EET - Optimize Large Transformer Models Efficiently on a Single GPU

Easy and Efficient Transformer (EET) Project Introduction

Easy and Efficient Transformer (EET) is a highly user-friendly and efficient plugin designed for PyTorch. It primarily focuses on optimizing the use of Transformers, a popular model architecture in machine learning, to enable the deployment of very large models on a single GPU. This project makes it affordable and efficient to work with mega-sized models, a critical advancement for both researchers and developers dealing with complex natural language processing (NLP) and multi-modal tasks.

Key Features of EET

Latest Support: EET now includes support for popular large language models like Baichuan and LLaMA. It also supports LLMs (Large Language Models in general).
Int8 Quantization: Newly added capability to enhance performance without losing too much precision by using 8-bit integer computation.
Single GPU Usage: Efficiently run mega-sized models using just a single GPU - a cost-effective solution for model deployment.
High Performance: The plugin significantly accelerates transformer-based models using CUDA kernel optimization and advanced algorithms for quantization and sparsity.
Ease of Use: Out-of-the-box compatibility with both Transformers and Fairseq libraries, reducing the complexity of model configuration.

Model Compatibility

EET supports a broad spectrum of models, including:

GPT-3: Offers a speed increase of up to 8x.
Bert & ALBert: Gain performance boosts of up to 5x.
Roberta, T5, ViT, and more: Each experiencing improvements in efficiency and speed.

Getting Started Quickly

Basic Requirements

CUDA 11.4 or higher
Python 3.7 or higher
GCC 7.4.0 or higher
PyTorch 1.12.0 or higher
Numpy 1.19.1 or higher
Fairseq 0.10.0
Transformers library 4.31.0 or higher

These versions provide a minimum configuration for operations, though newer versions are recommended.

Installation

From Source: Clone the repository and proceed with a standard installation.
Using Docker: Build with Docker to simplify setup and avoid manual installations.

Running EET

There are three primary types of APIs that EET provides:

Operators APIs: Enable the definition of custom models by providing components like attention mechanisms and feedforward networks.
Model APIs: Allow integration with PyTorch projects directly, simplifying transformations and fair usage.
Application APIs: Facilitate easy execution of models with minimal lines of code for specific tasks, leveraging a familiar pipeline structure.

Performance and Benefits

EET promises significant performance improvements reflected in benchmarks with models like GPT-3 on A100 GPUs and Bert models on 2080ti GPUs.

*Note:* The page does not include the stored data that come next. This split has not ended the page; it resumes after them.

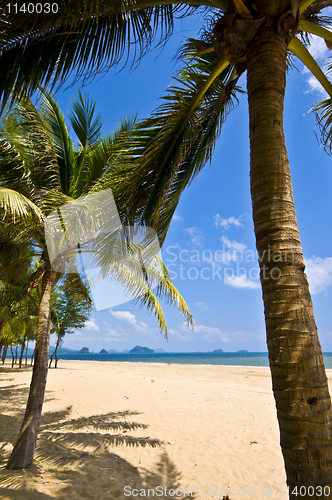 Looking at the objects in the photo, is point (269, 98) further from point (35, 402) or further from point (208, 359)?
point (208, 359)

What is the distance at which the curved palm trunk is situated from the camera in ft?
15.4

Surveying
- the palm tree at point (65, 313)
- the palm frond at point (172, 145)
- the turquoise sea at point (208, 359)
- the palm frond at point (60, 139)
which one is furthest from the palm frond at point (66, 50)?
the turquoise sea at point (208, 359)

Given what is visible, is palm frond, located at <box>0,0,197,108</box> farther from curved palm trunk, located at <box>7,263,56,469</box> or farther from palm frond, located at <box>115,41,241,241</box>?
curved palm trunk, located at <box>7,263,56,469</box>

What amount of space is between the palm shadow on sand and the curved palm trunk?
0.20 meters

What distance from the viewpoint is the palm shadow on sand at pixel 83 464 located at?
403 centimetres

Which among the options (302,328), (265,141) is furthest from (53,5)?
(302,328)

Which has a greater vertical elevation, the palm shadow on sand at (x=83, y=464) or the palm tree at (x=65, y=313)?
the palm tree at (x=65, y=313)

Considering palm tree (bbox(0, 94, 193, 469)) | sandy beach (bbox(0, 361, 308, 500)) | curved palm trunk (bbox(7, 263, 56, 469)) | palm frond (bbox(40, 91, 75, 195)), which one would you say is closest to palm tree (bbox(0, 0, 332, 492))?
palm tree (bbox(0, 94, 193, 469))

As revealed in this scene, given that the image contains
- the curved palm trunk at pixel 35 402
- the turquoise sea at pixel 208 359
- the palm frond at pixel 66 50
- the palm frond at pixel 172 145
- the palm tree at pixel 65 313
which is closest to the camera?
the palm frond at pixel 66 50

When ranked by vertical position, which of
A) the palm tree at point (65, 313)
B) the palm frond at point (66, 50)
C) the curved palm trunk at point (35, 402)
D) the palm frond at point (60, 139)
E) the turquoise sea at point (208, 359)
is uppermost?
the palm frond at point (60, 139)

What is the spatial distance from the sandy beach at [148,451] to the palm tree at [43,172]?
1.00m

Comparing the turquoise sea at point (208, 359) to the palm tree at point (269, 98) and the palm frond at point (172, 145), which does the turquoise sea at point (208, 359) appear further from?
the palm tree at point (269, 98)

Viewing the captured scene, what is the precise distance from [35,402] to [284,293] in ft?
15.7

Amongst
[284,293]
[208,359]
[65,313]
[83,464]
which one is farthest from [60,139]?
[208,359] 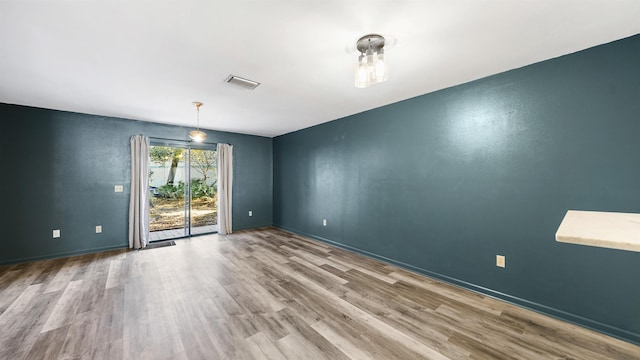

For example, the performance chart for Llama13B on a 3090 GPU highlights substantial throughput improvements.

Contributing and Further Information

For those interested in contributing to or utilizing EET in their research, the citation details are provided. For any queries, the EET team is reachable via GitHub issues or email. The project also features various examples and video demonstrations to assist with understanding and implementation.

This project is a groundbreaking step forward in making complex, large-scale AI models more accessible and practical for real-world application and experimentation.